By Juliana Palomino
As soon as she took high school chemistry, Ali Crupper knew it had to be a part of her future.
“It blew my mind how atoms that you can’t see make up everything you can see,” Ali says. “I knew that I wanted to understand the science behind what doctors do.”
That desire led her to the University of Kentucky, where she now pursues a B.S. in chemical engineering.
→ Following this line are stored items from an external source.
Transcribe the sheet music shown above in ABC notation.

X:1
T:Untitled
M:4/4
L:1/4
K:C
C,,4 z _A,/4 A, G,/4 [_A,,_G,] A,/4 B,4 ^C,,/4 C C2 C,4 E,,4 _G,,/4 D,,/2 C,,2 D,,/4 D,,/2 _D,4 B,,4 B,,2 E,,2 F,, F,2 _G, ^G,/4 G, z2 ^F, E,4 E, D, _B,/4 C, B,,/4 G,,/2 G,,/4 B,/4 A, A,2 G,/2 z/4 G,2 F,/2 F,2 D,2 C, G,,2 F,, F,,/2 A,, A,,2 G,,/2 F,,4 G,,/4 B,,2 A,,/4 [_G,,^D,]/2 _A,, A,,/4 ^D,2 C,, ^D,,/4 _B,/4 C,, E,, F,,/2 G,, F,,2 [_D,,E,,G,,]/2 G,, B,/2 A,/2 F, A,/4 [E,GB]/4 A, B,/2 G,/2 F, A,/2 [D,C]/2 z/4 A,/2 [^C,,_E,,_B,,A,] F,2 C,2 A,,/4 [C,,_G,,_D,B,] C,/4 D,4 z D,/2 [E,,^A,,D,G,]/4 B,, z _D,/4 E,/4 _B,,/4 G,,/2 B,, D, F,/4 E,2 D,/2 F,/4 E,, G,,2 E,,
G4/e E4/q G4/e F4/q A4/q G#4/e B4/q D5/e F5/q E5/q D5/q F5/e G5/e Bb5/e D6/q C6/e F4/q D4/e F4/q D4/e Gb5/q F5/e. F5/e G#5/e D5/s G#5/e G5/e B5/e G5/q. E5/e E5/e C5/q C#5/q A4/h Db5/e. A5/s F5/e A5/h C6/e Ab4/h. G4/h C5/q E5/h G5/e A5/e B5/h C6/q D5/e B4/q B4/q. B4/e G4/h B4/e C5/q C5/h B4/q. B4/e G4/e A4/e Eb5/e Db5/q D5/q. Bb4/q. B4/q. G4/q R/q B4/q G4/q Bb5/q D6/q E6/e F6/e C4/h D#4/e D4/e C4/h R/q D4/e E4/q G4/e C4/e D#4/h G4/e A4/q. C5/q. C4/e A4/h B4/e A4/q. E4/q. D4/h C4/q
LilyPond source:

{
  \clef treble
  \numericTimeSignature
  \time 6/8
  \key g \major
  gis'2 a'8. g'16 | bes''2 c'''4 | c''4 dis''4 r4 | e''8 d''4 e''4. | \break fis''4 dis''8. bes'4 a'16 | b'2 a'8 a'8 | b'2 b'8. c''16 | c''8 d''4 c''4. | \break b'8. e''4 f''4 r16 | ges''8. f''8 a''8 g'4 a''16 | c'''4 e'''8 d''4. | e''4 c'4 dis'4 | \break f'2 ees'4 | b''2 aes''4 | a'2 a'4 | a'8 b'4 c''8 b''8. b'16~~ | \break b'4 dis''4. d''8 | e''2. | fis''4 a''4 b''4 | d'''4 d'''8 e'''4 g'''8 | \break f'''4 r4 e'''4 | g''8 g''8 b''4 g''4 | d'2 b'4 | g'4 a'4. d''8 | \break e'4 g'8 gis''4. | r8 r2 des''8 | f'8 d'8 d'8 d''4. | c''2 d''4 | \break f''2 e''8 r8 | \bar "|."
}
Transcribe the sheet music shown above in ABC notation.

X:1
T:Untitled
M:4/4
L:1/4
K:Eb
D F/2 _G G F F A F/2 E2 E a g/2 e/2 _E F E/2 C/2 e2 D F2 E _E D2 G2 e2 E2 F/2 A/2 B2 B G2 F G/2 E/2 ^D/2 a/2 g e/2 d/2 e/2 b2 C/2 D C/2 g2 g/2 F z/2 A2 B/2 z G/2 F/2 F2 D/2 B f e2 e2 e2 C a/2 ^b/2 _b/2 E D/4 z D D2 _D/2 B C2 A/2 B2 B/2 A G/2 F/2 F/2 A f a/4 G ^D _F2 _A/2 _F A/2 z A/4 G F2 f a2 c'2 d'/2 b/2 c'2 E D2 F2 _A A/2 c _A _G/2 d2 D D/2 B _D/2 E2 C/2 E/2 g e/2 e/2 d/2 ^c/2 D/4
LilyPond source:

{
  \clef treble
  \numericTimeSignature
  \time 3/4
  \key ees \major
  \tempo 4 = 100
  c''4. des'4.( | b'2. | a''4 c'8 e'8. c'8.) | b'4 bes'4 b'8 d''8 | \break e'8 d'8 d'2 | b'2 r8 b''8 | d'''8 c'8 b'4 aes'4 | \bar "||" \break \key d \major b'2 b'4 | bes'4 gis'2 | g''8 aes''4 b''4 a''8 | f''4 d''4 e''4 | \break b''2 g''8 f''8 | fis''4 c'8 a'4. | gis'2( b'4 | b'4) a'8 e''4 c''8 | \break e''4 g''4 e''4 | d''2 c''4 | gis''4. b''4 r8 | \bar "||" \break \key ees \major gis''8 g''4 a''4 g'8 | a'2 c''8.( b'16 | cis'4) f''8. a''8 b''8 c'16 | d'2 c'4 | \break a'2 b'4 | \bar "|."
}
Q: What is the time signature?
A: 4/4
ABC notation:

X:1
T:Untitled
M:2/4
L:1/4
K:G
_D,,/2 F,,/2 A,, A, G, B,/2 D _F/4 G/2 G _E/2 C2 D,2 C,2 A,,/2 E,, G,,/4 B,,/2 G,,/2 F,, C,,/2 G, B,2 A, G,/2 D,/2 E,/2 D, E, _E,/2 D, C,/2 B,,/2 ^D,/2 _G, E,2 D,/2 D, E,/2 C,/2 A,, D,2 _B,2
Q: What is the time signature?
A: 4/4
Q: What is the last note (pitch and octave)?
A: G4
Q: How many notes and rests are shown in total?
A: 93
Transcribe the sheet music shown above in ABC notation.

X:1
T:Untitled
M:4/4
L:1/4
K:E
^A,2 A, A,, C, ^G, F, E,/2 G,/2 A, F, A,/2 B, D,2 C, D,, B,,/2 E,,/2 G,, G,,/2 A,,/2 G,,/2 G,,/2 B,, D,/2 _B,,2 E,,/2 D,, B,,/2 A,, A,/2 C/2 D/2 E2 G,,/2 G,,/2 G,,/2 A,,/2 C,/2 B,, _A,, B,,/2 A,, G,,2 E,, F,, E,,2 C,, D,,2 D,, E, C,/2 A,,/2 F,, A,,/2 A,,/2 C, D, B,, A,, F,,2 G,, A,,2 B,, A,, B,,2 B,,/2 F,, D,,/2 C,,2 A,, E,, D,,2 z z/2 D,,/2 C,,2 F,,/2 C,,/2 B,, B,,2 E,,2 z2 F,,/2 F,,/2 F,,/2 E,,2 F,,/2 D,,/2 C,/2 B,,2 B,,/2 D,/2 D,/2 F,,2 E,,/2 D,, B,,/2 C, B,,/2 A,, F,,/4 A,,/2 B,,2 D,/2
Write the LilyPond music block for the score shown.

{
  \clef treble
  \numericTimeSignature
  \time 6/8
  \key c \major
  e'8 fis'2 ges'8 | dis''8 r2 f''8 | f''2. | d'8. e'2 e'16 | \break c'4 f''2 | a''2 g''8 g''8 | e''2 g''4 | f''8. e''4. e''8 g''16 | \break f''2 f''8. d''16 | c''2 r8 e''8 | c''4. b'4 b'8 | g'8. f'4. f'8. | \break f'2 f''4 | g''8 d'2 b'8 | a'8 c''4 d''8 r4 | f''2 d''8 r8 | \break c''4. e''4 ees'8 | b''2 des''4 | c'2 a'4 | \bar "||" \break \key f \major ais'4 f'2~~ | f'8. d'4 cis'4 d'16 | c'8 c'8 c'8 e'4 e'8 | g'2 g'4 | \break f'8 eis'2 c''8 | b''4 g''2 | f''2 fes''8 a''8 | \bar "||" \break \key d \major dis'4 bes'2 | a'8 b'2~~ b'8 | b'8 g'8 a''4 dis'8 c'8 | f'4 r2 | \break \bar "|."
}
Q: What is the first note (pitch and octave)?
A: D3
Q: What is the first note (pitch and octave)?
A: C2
As a first-generation student, she is grateful to her parents for their example of hard work.
“Engineering is all about solving a problem and solving it correctly,” she says. “My parents taught me the values of working hard and doing things the right way, and that’s what led me to engineering.
Her love for medicine has met its perfect match in the department’s specialized biopharmaceutical track, which allows students to take classes within the UK College of Pharmacy. Covering topics from drug discovery to commercialization processes, her courses have given her a new appreciation for engineering.
“It’s amazing how much chemical engineers touch. There’s not a process or product out there that they haven’t affected in some way,” she says.
From the annual career fair to resume review sessions to interview practice, Ali has taken full advantage of the career development services that the College of Engineering offers. She’s also the president of Phi Sigma Rho, a social sorority of female engineers.
“The support I’ve had has been incredible,” she says. “Professional guidance for interviews and resumes is essential. But you also need friends you can go get ice cream with. All of this makes a huge difference for your well-being and success.”
Through the fall Co-op and Internship Fair, Ali earned a co-op position with Thermo-Fisher Scientific. She had the opportunity to work in multiple roles: equipment engineering, business management, technical services and practical process improvement.
“I initially thought I wanted to go to graduate school since I liked research so much. My time in the industry changed this,” she says. “One of my favorite parts about research was constantly trying to make my experiment better. I learned that this process improvement mindset was crucial for industry as well.”
Upon graduating in May 2019, Ali will begin full-time work with Thermo Fisher in Greenville, North Carolina. She will work in validiation to ensure that all processes are designed with safety and quality in mind.
“When I’m out in the workforce, I know I’ll look back at UK and remember it as a place where I had the support I needed so I could go where I wanted,” Ali says.